Hawaii is likely to get 89,000 tourists from Japan during the Christmas-New Year's holiday period, an increase of only 1 percent from 88,000 in last year's holiday season, according to a new survey.

But Hawaii is doing well compared to other destinations at a time when overseas travel by the Japanese is slipping, said Japan's biggest travel agency, Japan Travel Bureau Inc., which surveyed travel agents and travelers.

JTB Hawaii ranks as the top foreign destination for the Japanese while the U.S. mainland ranks second and Hong Kong, last year's No.1 overseas destination for holiday travelers from Japan, is in third place this year, JTB said.

Japan Airlines said there is enough holiday business to allow it to make its usual holiday service increase.

"Right now we don't have a definite picture but we are putting on more planes," said Gilbert Kimura, JAL regional sales manager. He said JAL runs about 10 flights a day to Hawaii from Japan that may rise to as many as 18 on the peak days of the holidays.

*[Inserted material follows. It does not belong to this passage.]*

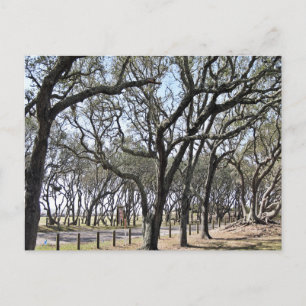 Cartão Postal Praia de Kure Fotografia da Natureza Oak Grove
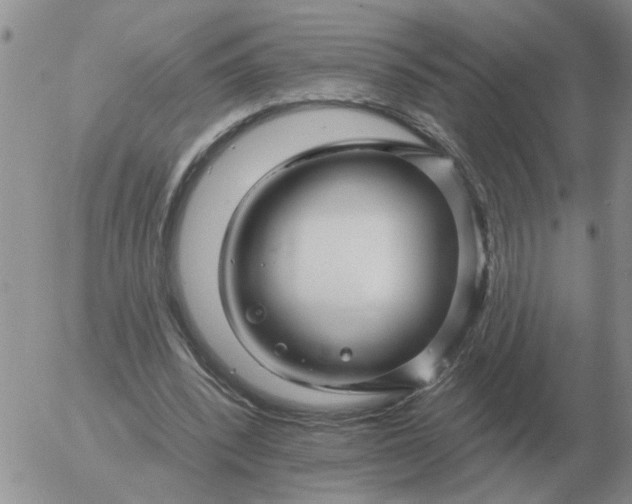 X0000055520392200509022129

But he said the advance bookings have to be viewed with caution since there are occasional duplications, with some people tentatively booking for more than one flight and picking the best one later. Japanese also book closer to the time of their travel than they used to and JAL won't really know until a week before the flights, he said.

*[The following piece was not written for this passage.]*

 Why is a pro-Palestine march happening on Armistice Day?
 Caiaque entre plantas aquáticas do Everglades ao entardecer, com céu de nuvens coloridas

JTB had 200 of its retail travel agency offices in Japan report on holiday bookings and surveyed arrangements made by 2,000 travelers. The bookings surveyed covered the period starting with Dec. 23, the Emperor's Birthday national holiday, and running through Jan. 2, a Friday.

Travel within Japan will increase, JTB said, but overseas travel will be down for the first time in 17 years.

"This is put down to a number of factors, including the less favorable sequence of holidays this year, the effect of Japan's persistent recession in curbing demand for travel and of lower exchange rates for the yen, blunting the appetite for shopping," JTB said.

Hawaii has experienced a slowdown in growth in recent years but "is still far from losing its attraction as the place to spend an enjoyable and relaxing time with the family at the year end and New Year," JTB said.

The Sheraton hotels along Waikiki Beach, which get much of their business from the Japanese, expect their rooms to be filled but they are not experiencing the hectic pace of last year, said Keith Vieira, ITT Sheraton vice president and director of marketing for Hawaii.

"For year-end, we expect to be sold out, but there is nowhere near the pressure that we usually have from the wholesalers for more space," Vieira said.

The Aloha Bowl, played on Christmas Day, will boost the hotels' U.S. business as boosters for the University of Washington and Michigan State University teams duck away from the mainland winter, he said.